Fig. 10: Robustness (cond. num.) and accuracy (homography error) dependent on the number of points for well- and ill-conditioned point configurations as well as an ideal 4-point square (green line).
Fig. 11: Comparison of different pose stimation methods for different numbers of control points for well- and ill-conditioned point configurations as well as an ideal 4-point square (green line).
Fig. 12: Left: 2D histogram of final 4-point configurations for all camera poses. Right: One representative final point configuration.
Fig. 13: Left: 2D histogram of final 5-point configurations for all camera poses. Middle/right: Two representative final point configurations.

V-B Discussion

From the results it is possible to observe that the control point configurations indeed have a strong effect on the accuracy of homography and planar PnP methods. The amount of improvement when having optimized points in EPnP and IPPE is more pronounced than for LM, which is in itself an interesting result, since IPPE for example is a method that takes considerable less computation time than LM. By having well configured points, the methods converge to the similar error values (see Fig. 5, 6 and Fig. 8). Additionally, as can be seen in Fig. 6, not only the mean is reduced but also the variance, with a more pronounced effect on translation for the three methods. It is remarkable that the point configuration also affects the performance of LM although our optimization objective is not directly related to the minimization of the reprojection error. The results of the real experiment closely match the simulations. An improvement on the condition number is associated with improvements both in homography and pose estimation.

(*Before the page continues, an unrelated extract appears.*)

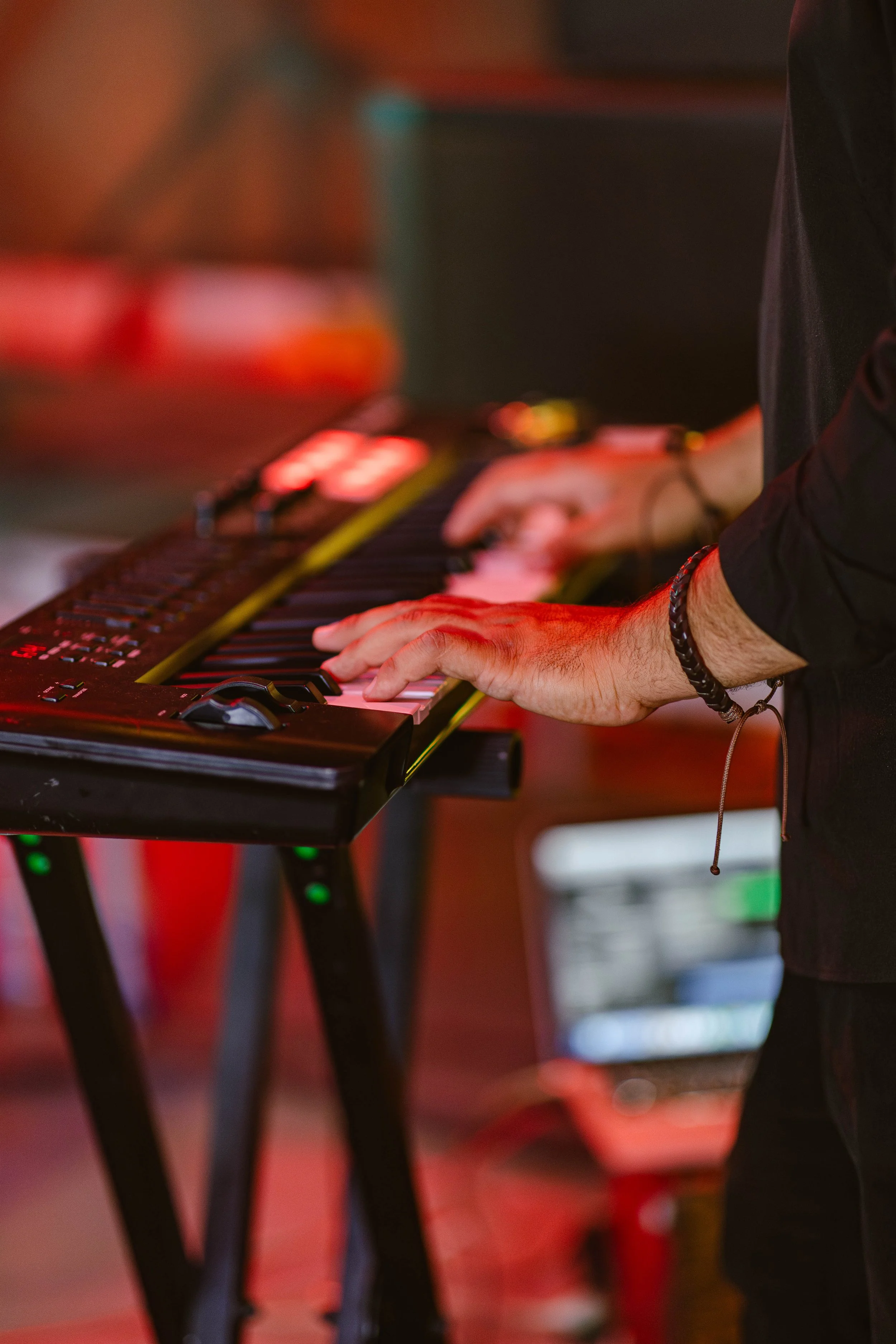 Person playing a keyboard on a stand during a performance.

Optimized point configurations are on average better than random configurations independent on the camera pose. Further on, the smaller the number of control points the more is the relative improvement on the estimates for all of the evaluated methods. For example, the homography estimate using 4 optimal control points is always better than arbitrary point configurations with more points as can be seen in Fig. 10. Choosing more than 4 optimal control points slightly improves the homography estimates and converges for a number of 8 optimal control points. Thus, configuration of the control points has more effect on the accuracy than the number of control points. But increasing number of optimized control points to using LM method even outperforms a large number of random control points.

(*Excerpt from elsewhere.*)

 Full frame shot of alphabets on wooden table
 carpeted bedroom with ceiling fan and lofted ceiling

As can be seen on Fig. 12 the most common minima for the 4-point case is a square-like shape, and as shown on Fig 13 even for the 5-point case the corners of a square-like shape are common. In Figures 4,  610 and 11 it can be seen that the square is always the lower boundary both for the condition number and the estimation error. On average a perfect square is the most robust shape for homography and pose estimation from four points. This makes sense, since orthogonality and point separation improve the robustness of the SVD.

Vi Conclusions and future work

A method for obtaining optimal control points for homography estimation using an optimization approach is presented. The lower the number of control points the more the configuration of the points on the object plane has an influence on the accuracy of homography and PnP estimation methods. It was proven that a square is a very stable and robust configuration for all camera poses. For more point configurations the configurations meet the general rule of being maximally separated in object space with equal distances between each other including the optimized 4-point configuration as a subset. Finally, we found that there is almost no difference in accuracy between IPPE and LM for optimized point configurations but IPPE is much faster because it is a direct and not an iterative method. In future work, we will try to generalize the results to non-planar point configurations.